God wants to bless you with relationships & for you to prosper in them. He won't just give you friends that'll see you for who you are, He'll give you friendships that'll help push you towards becoming the person God wants you to be despite of your social awkwardness. Don't let your awkwardness keep you from experiencing the blessings that come with good friendships.
Don't be so hard on yourself.
Most times, we can be our worst critics. We'll be encouraging and be kind to others yet we can be pretty hard on ourselves. If you mess up, whether it's giving a speech in speech class or stumbling on your words while talking to someone, it's okay. When little things like this happen, learn to laugh it off. Embrace yourself and your quirks; after all, they're what make you, you.
If you want to get better at them, do so, but don't put yourself down for making a tiny little hiccup.

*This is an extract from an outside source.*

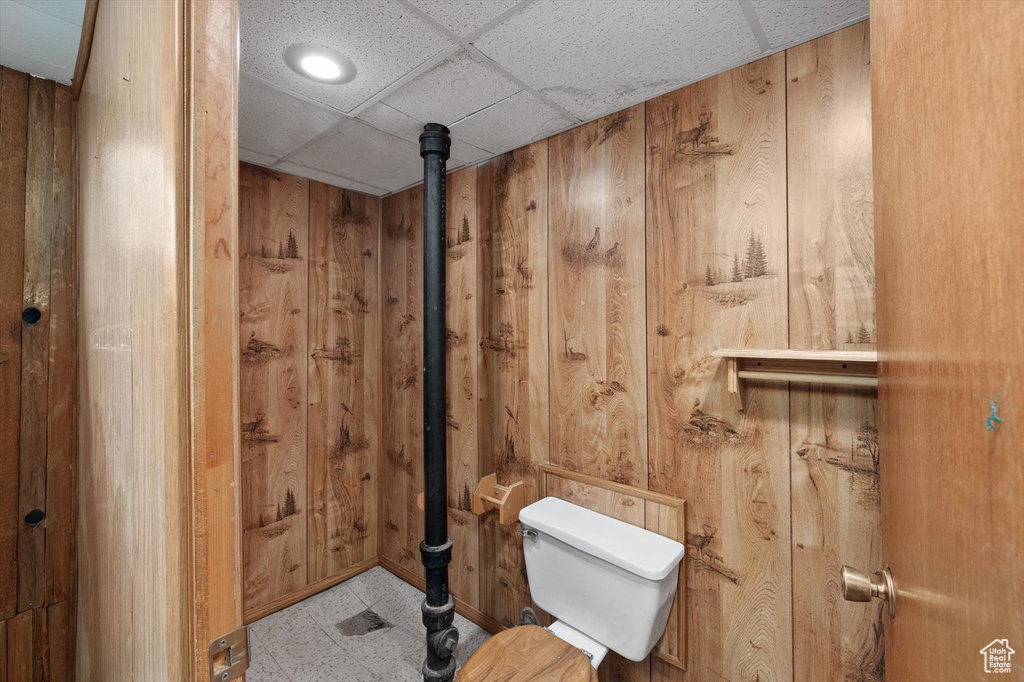 Bathroom with wood walls, a drop ceiling, tile patterned floors, and toilet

Stop allowing social awkwardness restrict you from reaching your full potential! Educate yourself on how to communicate and connect well with others. Educate yourself on how to interact in social settings. There are other ways to build yourself up instead of breaking yourself down over a harmless mistake.
Don't let the thought of you being socially awkward and the identity of being an introvert stop you from pursuing God's purpose for you.
The bible tells us that we are not given a spirit of timidity but a spirit of power and confidence through Jesus Christ that we have the access and ability to walk in (1 Timothy 1:7). You have an amazing gift building up inside you, but you're afraid that your social awkwardness will come up again so you hide in your bubble. You believe that your awkwardness and shy quality disqualifies you from the big plans He has in store for you.
Think again. He is able to use you despite your weakness and faults and use them for your strengths. Nothing as small as social awkwardness can even stop you or God from fulfilling His purpose for you.
When you take time to know the Creator, you get to know yourself.
Not everyone is perfect. There is no such thing. You can look up all the articles, read on all the how-to books, etc. but none of that'll beat getting to know the Creator for yourself. He makes no mistake in what He creates, therefore, you my love, are uniquely made in His image. The more secure you are in Him, the less subjected you are to sulk when social anxiety springs up and worry about what others think of you.
Gaining self confidence and overcoming social awkwardness & anxiety is an ongoing process and will take time. Don't be so hard on yourself. Take it one step at a time. Be present. You are not socially awkward, you are unique. Embrace your social awkwardness, for it can actually do you good. You can overcome this. He's called you to come out of your bubble, come out out of your favorite corner and to come out of your mindset. Don't allow social anxiety to hinder you from the fullness of life God has promised you.
Dear Lord,
Thank you Lord that not only do you hear and take in every word we speak and request, but simply because you care. I pray those reading come to you with their requests about this, that they not be anxious because they know You are the answer to their problems (Philippians 4:6). Father God I pray for any girl who is harboring any feeling of inadequacy, that you replace that feeling with boldness. I pray that You give them the words to speak, and the right actions to display that will lead others to You. I pray they first find their identity & worth in You Lord. Praying they give this to You so You may use it for their good and Your glory. In Your name, Amen.